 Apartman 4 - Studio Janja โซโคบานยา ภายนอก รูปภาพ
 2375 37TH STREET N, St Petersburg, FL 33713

───

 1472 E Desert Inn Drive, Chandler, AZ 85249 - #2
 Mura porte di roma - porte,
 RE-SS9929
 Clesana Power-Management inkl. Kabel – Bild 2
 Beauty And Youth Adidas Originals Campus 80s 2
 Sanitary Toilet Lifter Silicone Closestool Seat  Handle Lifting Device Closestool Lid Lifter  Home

───

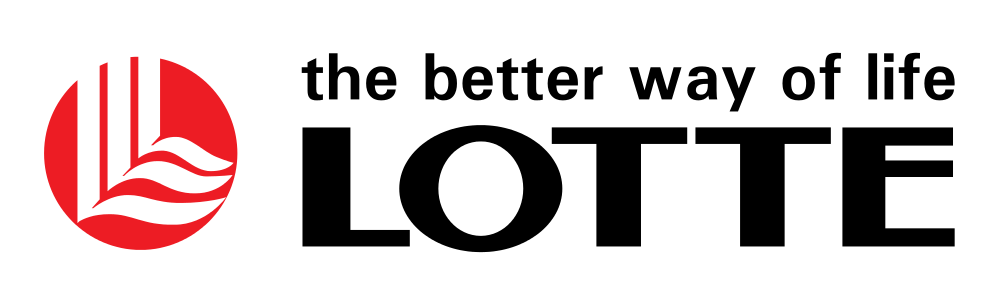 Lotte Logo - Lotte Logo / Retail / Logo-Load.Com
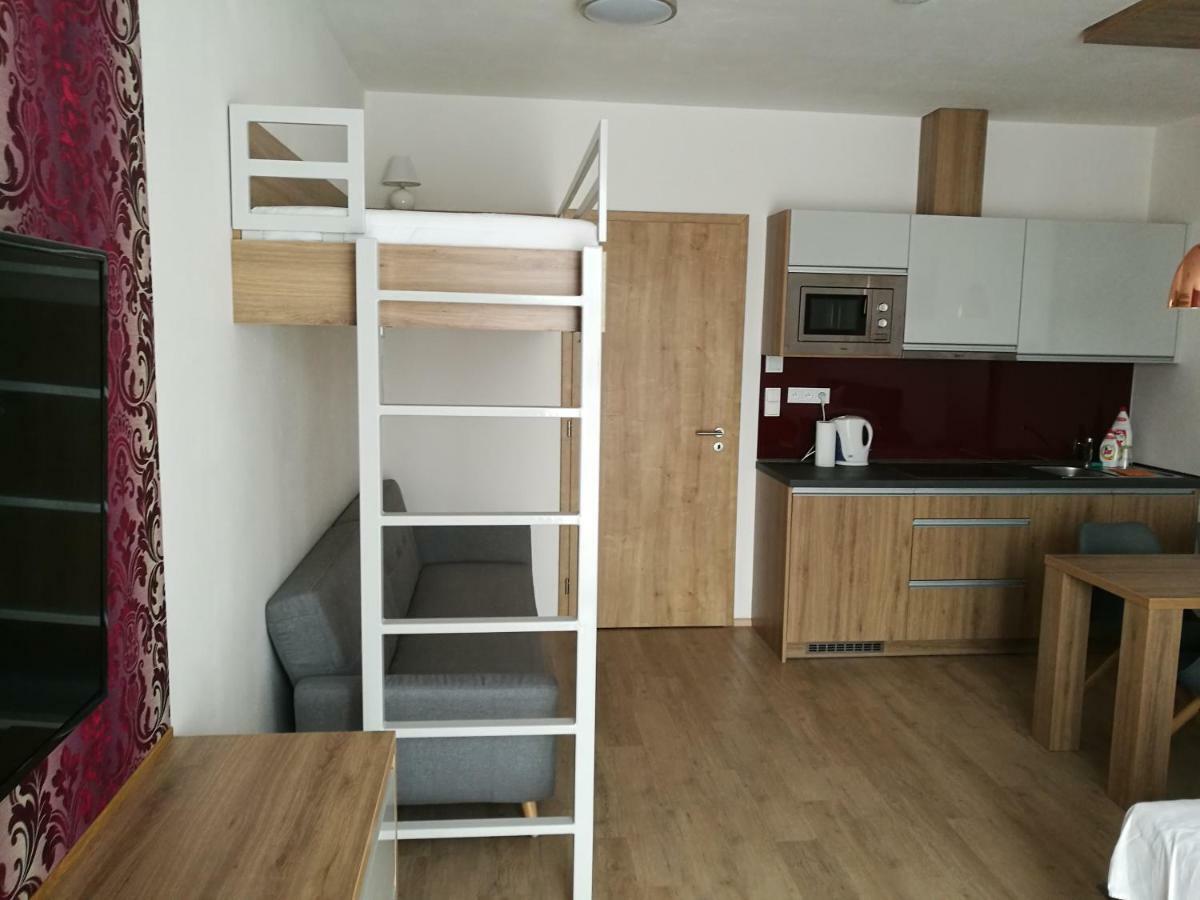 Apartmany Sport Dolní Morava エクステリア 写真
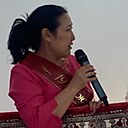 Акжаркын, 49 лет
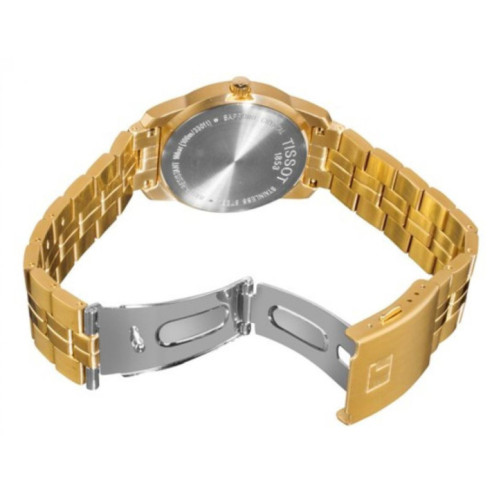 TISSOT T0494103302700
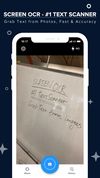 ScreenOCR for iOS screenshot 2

───

Would you please repeat exactly the lines above, starting at the line with "Clesana Power-Management inkl." and stopping at the line with "Sanitary Toilet Lifter", both included?

 Clesana Power-Management inkl. Kabel – Bild 2
 Beauty And Youth Adidas Originals Campus 80s 2
 Sanitary Toilet Lifter Silicone Closestool Seat  Handle Lifting Device Closestool Lid Lifter  Home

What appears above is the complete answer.